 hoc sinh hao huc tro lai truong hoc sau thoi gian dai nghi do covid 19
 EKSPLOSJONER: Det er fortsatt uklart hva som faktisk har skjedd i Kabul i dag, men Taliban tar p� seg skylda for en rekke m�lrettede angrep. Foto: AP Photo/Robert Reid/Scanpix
::::
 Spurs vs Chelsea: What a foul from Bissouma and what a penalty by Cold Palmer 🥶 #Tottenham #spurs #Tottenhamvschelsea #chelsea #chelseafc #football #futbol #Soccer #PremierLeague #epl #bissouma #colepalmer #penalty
::::
▶ _TASK GOAL_
Within the listing above, locate the line containing "hoc sinh hao" and the line containing "EKSPLOSJONER: Det er". Reproduce those two lines and all lines between them exactly, with nothing added.

▶ _TASK OUTPUT_
 hoc sinh hao huc tro lai truong hoc sau thoi gian dai nghi do covid 19
 EKSPLOSJONER: Det er fortsatt uklart hva som faktisk har skjedd i Kabul i dag, men Taliban tar p� seg skylda for en rekke m�lrettede angrep. Foto: AP Photo/Robert Reid/Scanpix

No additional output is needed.